Before he started showing me his pictures, he handed the phone to me and gestured to type in my username. I showed him my profile and introduced the faces he saw and the moments that lead to the photos. Traces of disbelief fluttered across his face. I was puzzled but intrigued by this look.
He took me through his photos, which were filled with family, friends and favorite memories from home. Suddenly, his English was much smoother and more confident as he narrated this snapshot of his life. I saw his brothers take to the sea on jet skis. I saw his father, a man obviously respected and admired by his son. As I listened to him show me what mattered most to him, I began to understand that flutter of disbelief I saw on his face when he looked at my profile. Here we are – two people struggling to understand each other but within seconds of opening Instagram, we are able to see into one another’s lives through Walden and Valencia filters.

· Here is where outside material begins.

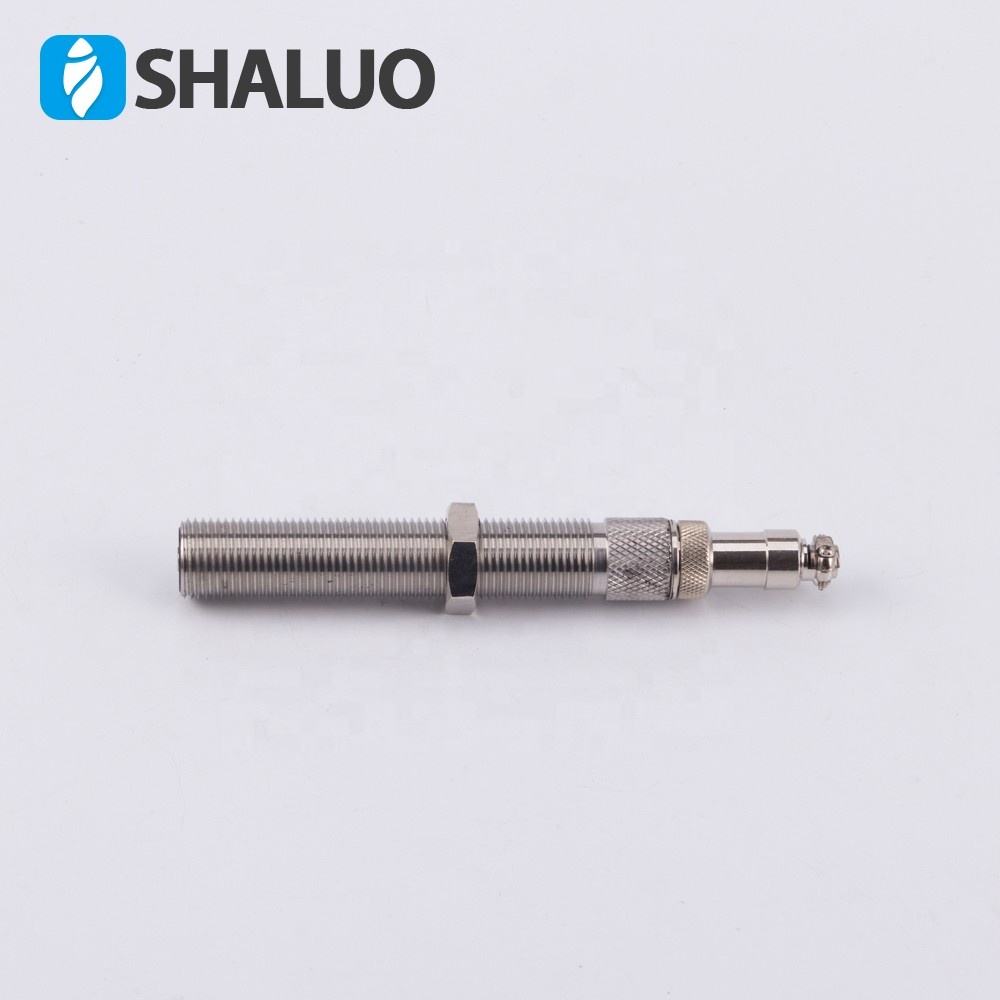 Sensor de velocidad MSP677, sensor de velocidad magnético para motor diésel, sonda de enchufe 5/8-18UNF2A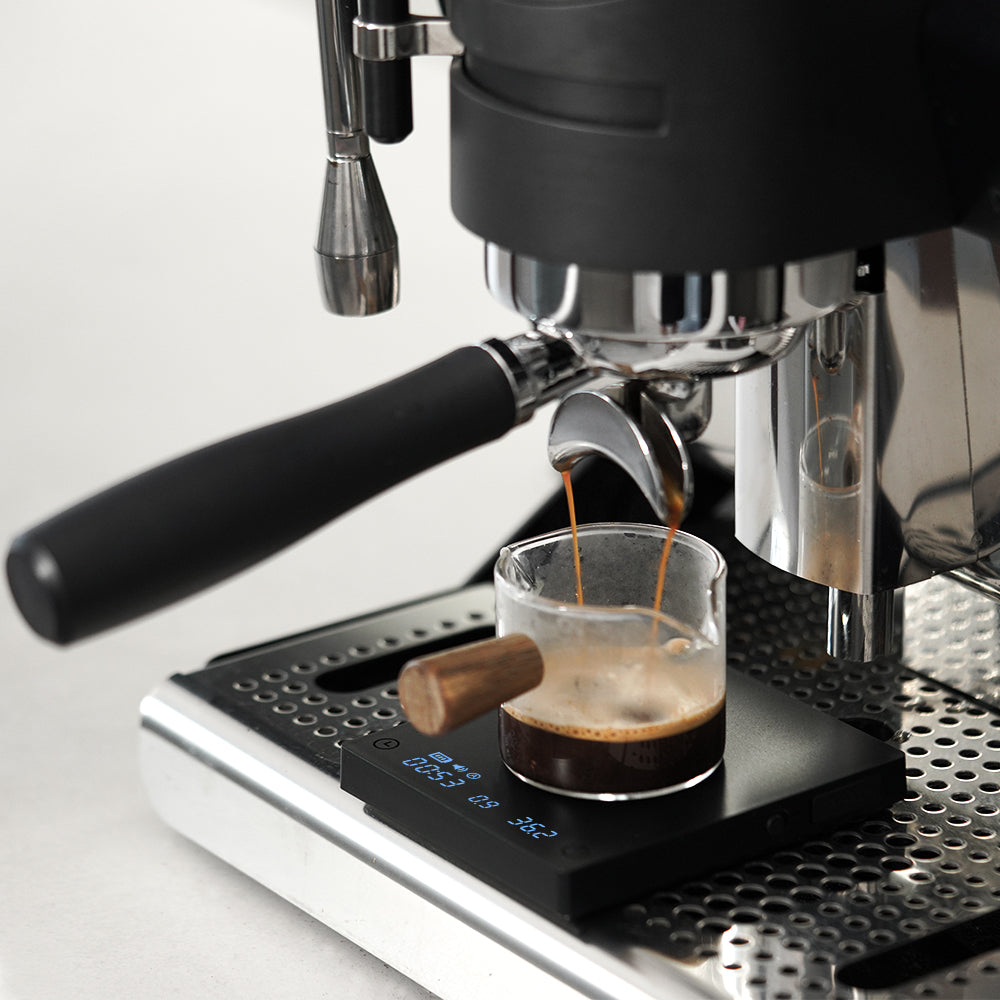 All you need to make Espresso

How simple. How powerful. How beautiful.
That’s it; I’d fallen in love once again.
For days, I wondered why this moment had been so special. I played with it; let it mill about it my head as I pleaded for some clarity.
And then it hit me.
Storytelling. Had I stumbled upon this student’s Instagram feed, alone in my apartment, I would have moved on in a matter of minutes. I didn’t have any context for these photos; he was a man a world away from me. But that changed when he was a real person, sitting in front of me, sharing his life and perspective with me. While he struggled to communicate with me prior to opening Instagram, the photos in his profile sparked storytelling, bringing life into his words.
Perhaps my position is not a unique one; it is obvious that the social platform is continuing to grow and our culture still has an intense fascination with it. News outlets such as ABC question the “proud parent” and the obsession with over-sharing photos of their kids. NASA recently launched an account to give us “earthlings” a glimpse into the world beyond. And R29 tells us why Amanda Seyfried has the best celebrity account. Like Systrom said, Instagram is "a common element of life."
I am proposing, however, that to continue to find joy in Instagram, we need to find a balance. Despite its ability to overcome spatial distance, Instagram doesn’t substitute connection. Conversations with the people in front of you provide more fulfillment and value than scrolling through a feed, catching glimpses of perhaps authentic, perhaps constructed moments. But, combine them together to tell a story and wow – that’s magic.
So, thank you to the Saudi Arabian man that helped me find joy in one of the “common elements of life.”